The major idea of the proposed subregions selection method is summarized as follows. As the distribution, number and location of static landmark objects in a digital image are depended on the actual physical environment, we cannot select the effective subregions arbitrarily. Suppose the image dataset are sorted in ascending order of visibility distances. We can identify the location of the nearest to farthest objects by performing the gray level average for the dataset from the smallest to the largest visibility distance. The major aim of the proposed selection method is to group a set of static landmark objects into a particular subregion so that the variation of its image characteristic is sensitive a particular visibility range. Hence, we can train a SVR model to curve fitted the visibility function with the input image features. By combining these SVR models by fusion method, we can estimate the final visibility by using the approximate multiple SVR model.

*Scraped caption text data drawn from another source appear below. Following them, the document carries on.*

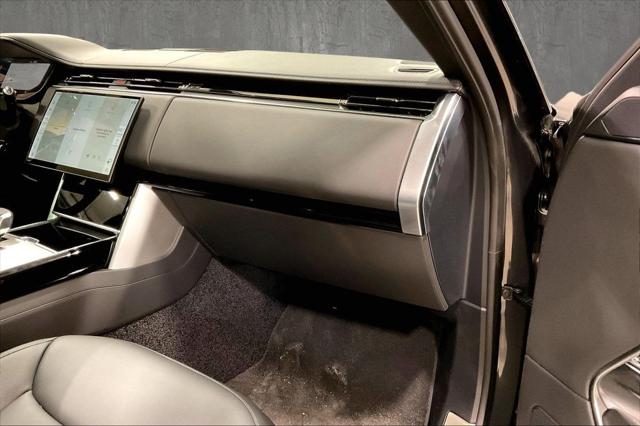 2025 Land Rover Range Rover P400 SE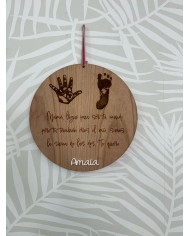PLACA CARTEL DIA DE LA MADRE CON HUELLA DE MANO Y PIE DEL BEBÉ CON NOMBRE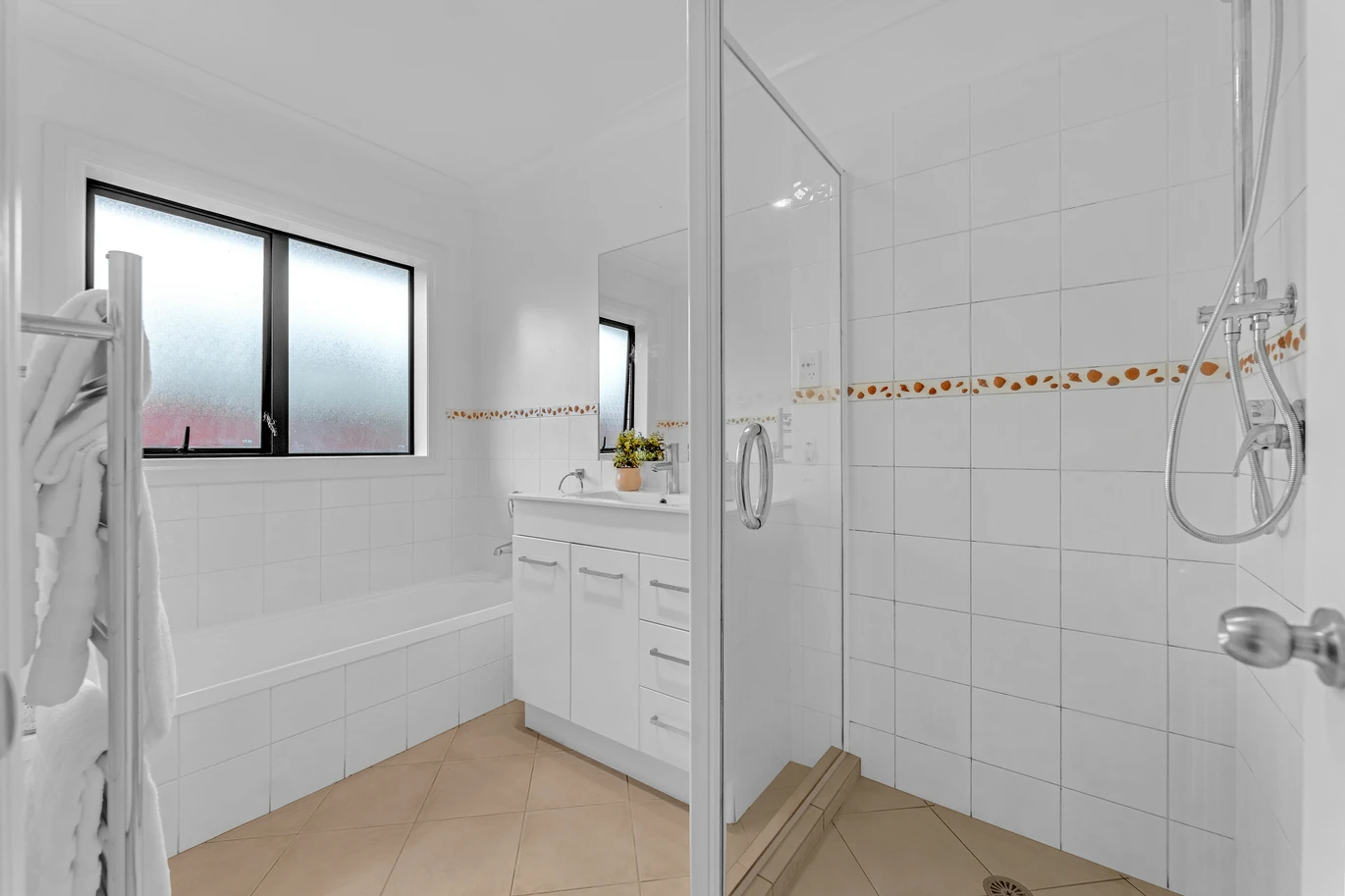 26 Glenveagh Park Drive Weymouth, Auckland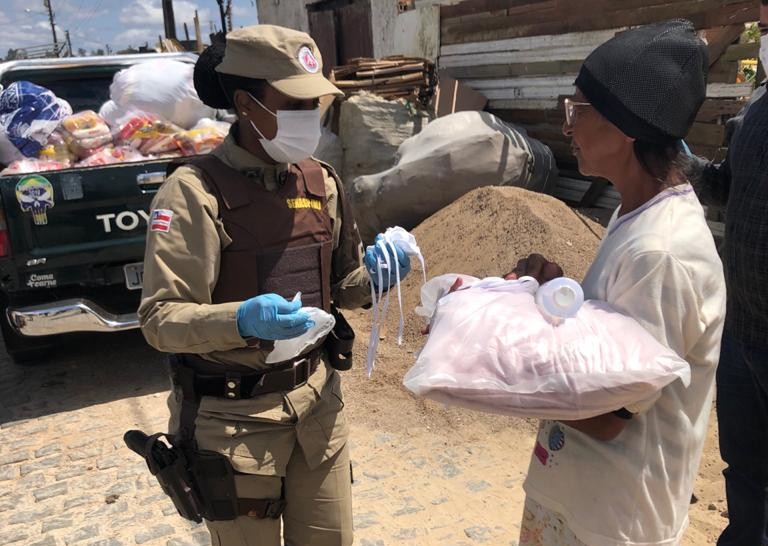 Vitória da Conquista: Base Comunitária entrega cestas básicas para famílias carentes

The proposed method gives good performances and accuracies in a range of 0–50 km which is suitable for practical applications. Experimental results show that the visibility estimation accuracy of the proposed method is more than 90%. It could be used to estimate the visibility value of the whole image, with high robustness and effectiveness. This method does not require to define a large-scale visual annotation set, and it also eliminates the processing of invalid and reductant information on the digital images as compared to other existing methods. For the fine-tuning of the neural network and extraction of effective subregions, it greatly reduces the model complexity and the computation time as compared to other methods.
Although our model could successfully evaluate the visibility of images accurately, it still had some limitations. In terms of calculation time, it was quite time-consuming to carry out the preprocessing and gray level averaging of the whole dataset to obtain the coordinates of the effective subregions. However, the preprocessing stage is only necessary during the initialization and pre-tuning stage. While the new images are taken by CCTV and added into dataset, the SVR models will be updated. In the case of increased application noise, this would affect the choice of the effective area. In addition, the fusion of the sub-region visibility assessment model proposed in this paper can reduce the effect of increased application noise to some extent.
Another limitation of the proposed method in this paper is that it is applicable to daytime images only. Further modifications of the algorithm are needed when it is applied to night-time images. These limitations will be further investigated in the future. In addition, in our future research, we will also focus on optimizing the selection of effective subregions. So as to minimize the number of subregions in a particular image dataset while the visibility estimation accuracy can be maintained at reasonable level.